We have just now started allowing Buffy and Abby in the front yard without leashes in order to go to the car and no further. That has been allowed since we moved to the country and there is hardly any traffic at all. We were just too afraid of them darting into the street in town if they would spot a squirrel or something along that line. Like you say, small steps. Maybe I'll start allowing them to go to the mailbox with me without a leash.


----------



## jeffreyzone (Feb 8, 2006)

Buffy & Abby's Mom said:


> We have just now started allowing Buffy and Abby in the front yard without leashes in order to go to the car and no further. That has been allowed since we moved to the country and there is hardly any traffic at all. We were just too afraid of them darting into the street in town if they would spot a squirrel or something along that line. Like you say, small steps. Maybe I'll start allowing them to go to the mailbox with me without a leash.


You are making good progress.  And you are wise to go slowly when you're in an environment full of squirrels and other random wildlife distractions. It's not worth risking your dogs' safety to push the envelope beyond their current level.

When we started with the mailbox thing, we'd have Dottie on the leash as we walked down there, and then we'd ask her to sit while we got the mail from the box. Then, we'd remove the leash and offer her the mail, saying "_Take it to Mom (or Dad)_," who'd be standing at the top of the driveway, making sure to point her in the right direction with our body language. At first, the receiver would say "_Bring it!_"

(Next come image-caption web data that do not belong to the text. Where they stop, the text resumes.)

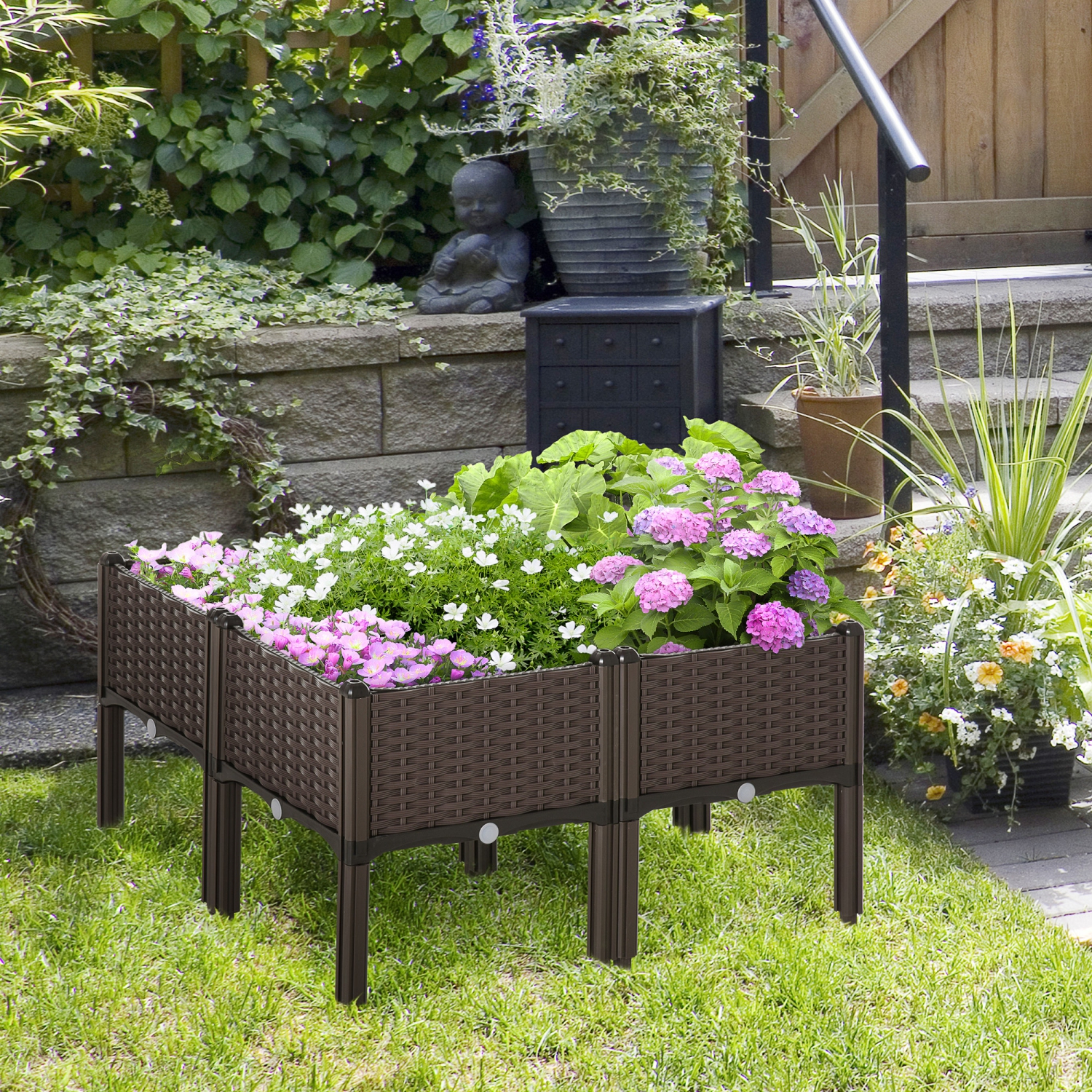 Outsunny 4-piece Raised Garden Bed, 15.7" x 15.7" x 17.3" PP Raised Flower Bed Plant Stand Stackable Vegetable Herb Grow Box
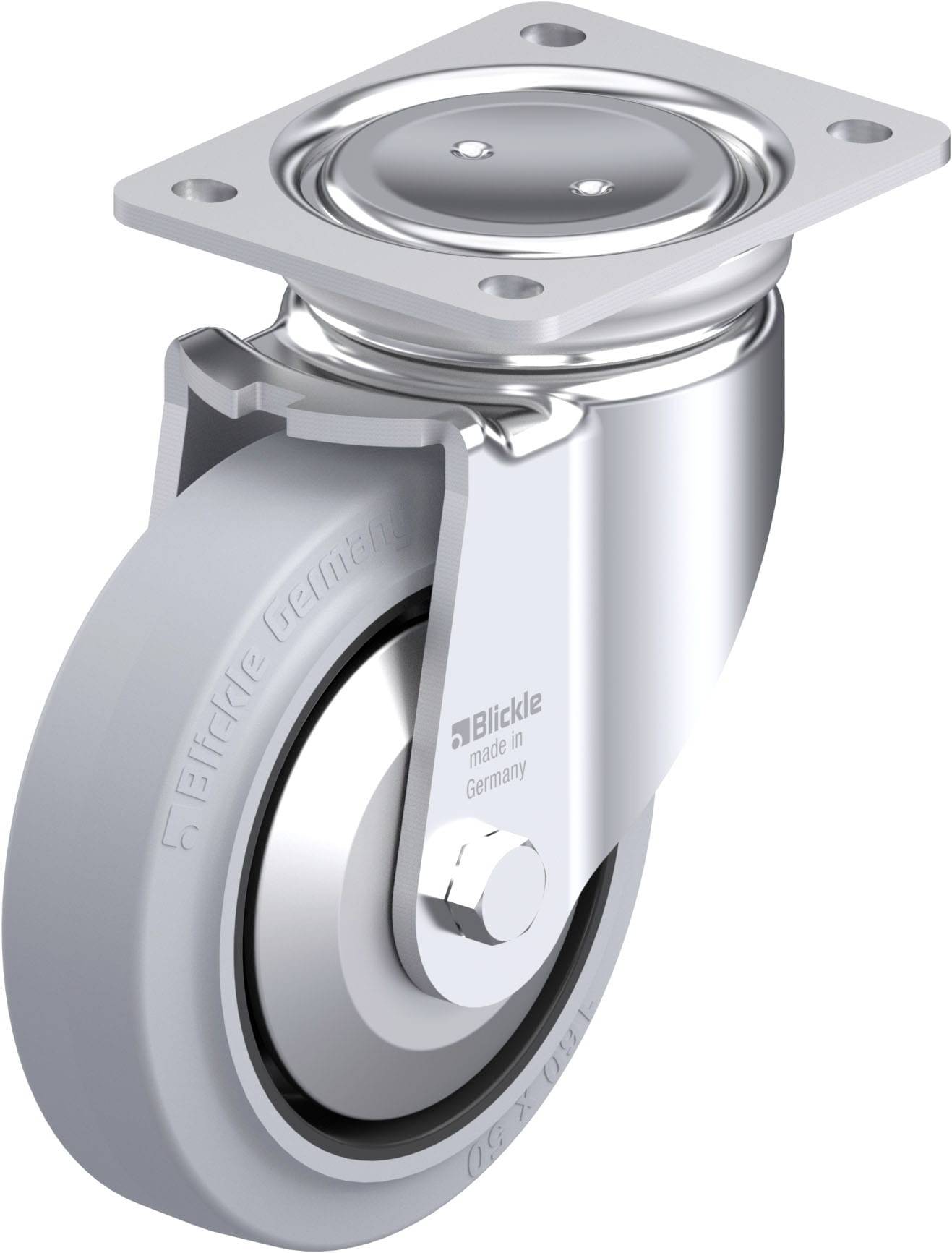 Blickle 851619 LUH-POEV 160KA-SG-FA Acéllemez forgógörgő KerékØ: 160 mm Teherbírás (max.): 400 kg 1 db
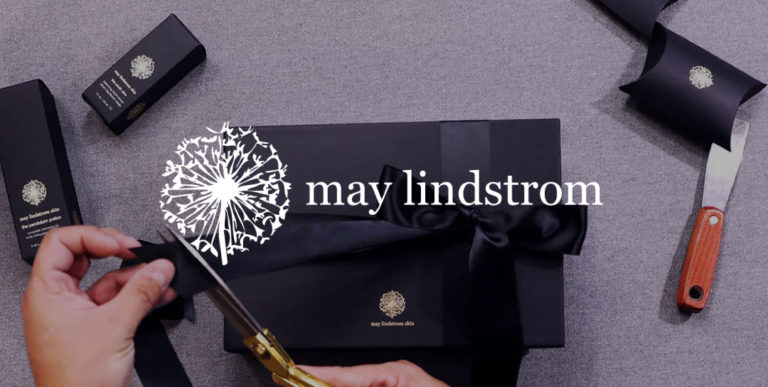 photo of may lindstrom skin product packaging and may lindstrom skin logo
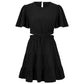 Jupe-combinaison d'été à col rond et manches courtes pour femmes, taille ajustée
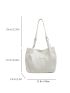 Small Tote Bag Ruched Design Double Handle Patch Decor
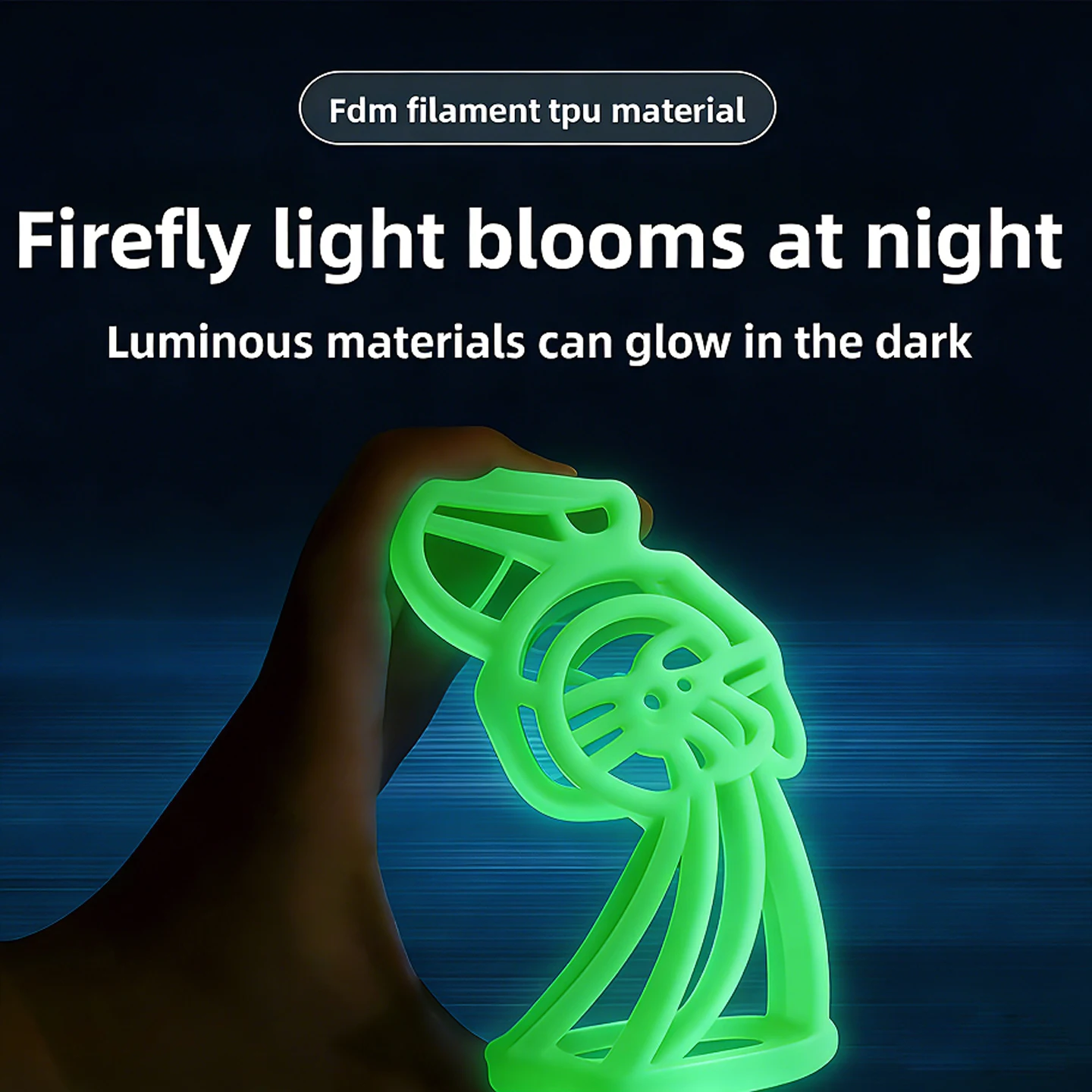 

High Speed Luminous 3D Printer Filament 1.75mm FDM Flexible Elastic Soft Glow in Dark Printing Consumables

And it just evolved from there. Once the dog is focused, and I mean _*really*_ focused, on the target of the newspaper, she'll go get it and bring it back regardless of the distractions, if she is really into carrying things.


----------



## Wrigley's Mom (Nov 6, 2006)

I just LOVE that video! Thanks for sharing it with us. I love the "body wiggle" Dottie does while she's waiting at the door. Wrigley does that all the time. Dottie looks like such a happy soul!


----------



## Buuddy (Jan 11, 2007)

Can I have this dog ?? that is really cool!!!!


----------



## AquaClaraCanines (Mar 5, 2006)

Too cute! She's a really beautiful Golden.


----------